In plain English: a trial court judge is not compelled to order a mandatory minimum sentence, despite the guidelines. That sounds good, right? Absolutely.

The Lockridge Court also struck down the requirement of MCL 769.34(3) that the court articulate a substantial and compelling reason to depart from the guidelines range. A sentencing court may now exercise its discretion to depart from the guidelines range without articulating substantial and compelling reasons, and a departure sentence will be reviewed on appeal for reasonableness.

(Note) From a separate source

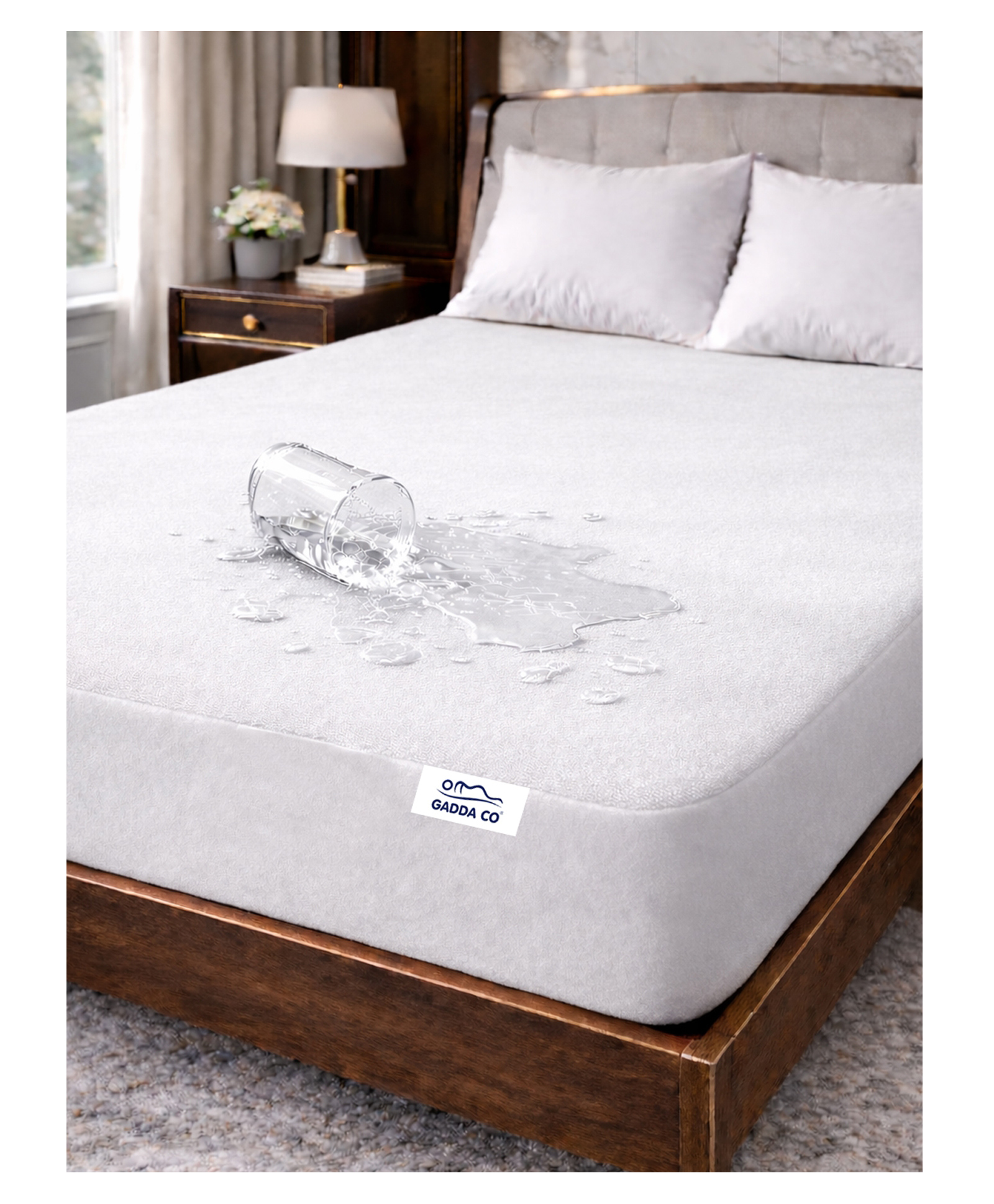 GADDA CO Cotton Feel Waterproof Mattress Protector for King Size Bed | Ultra Soft Terry Fabric | Breathable & Hypoallergenic | Fits 72x72 inch (6x6 ft) Mattress | White | Pack of 1-image-47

Again in plain English: Trial court judges are no longer required to justify a sentence that ignores the guidelines, but the sentence must be reasonable. That doesn’t sound nearly as good, right? Correct.

The problem is that Michigan has a couple of judges who feel that the guidelines were written by soft on crime liberal hippies. These judges could not wait to be free from the guidelines, and they have been handing down prison sentences like candy. We have already seen a couple of decisions from the Court of Appeals where judges have clearly exceeded the guidelines based upon arbitrary and capricious reasons.

Sentencing courts are still required to determine the applicable guidelines range and take it into account when imposing a sentence. Guidelines scoring remains applicable, with the caveat that the calculated guidelines range is advisory rather than binding.

OWI 3rd Conviction in Michigan is a 30 Day Minimum Jail Sentence

An OWI 3rd conviction, under the statute, requires that a person convicted of OWI 3rd shall serve at least 30 days in jail. Nearly every person convicted of an OWI 3rd offense in Wayne County will serve 30 to 45 days in the county jail, and Oakland county offenders may face even more jail time.  Importantly, however, this is not prison. The maximum amount of time that a person can spend in jail is capped at 1 year. 

Can I Avoid a Felony Conviction?

For many people, being convicted of a felony is life changing. Professional licensing sanctions may require disclosure of a felony conviction, and several occupations prohibit a person from having a felony. If you work in the insurance industry, for example, a felony conviction can preclude you from working in your field. So, can you avoid a felony conviction? Maybe. 

In several jurisdictions, it is possible to reduce a Michigan OWI 3rd down to a OWI 2nd offense. This reduces the charge from a felony to a misdemeanor. Typically, in Wayne County for example, the prosecutor requires that the person agree to a jail sentence of 60 to 90 days and entry into a qualified sobriety court program. The increased jail sentence is offered in exchange for dropping the felony. 

On the other hand, however, I have had a few clients with some real tenacity and faith in my skills as a Michigan DUI lawyer, and I have beaten felony drunk driving charges at preliminary examination and at motion hearings. I have gone to trial on OWI 3rd charges and won, but after a person has racked up a few prior convictions, the prospect of going to trial is challenging for both the attorney as well as the client.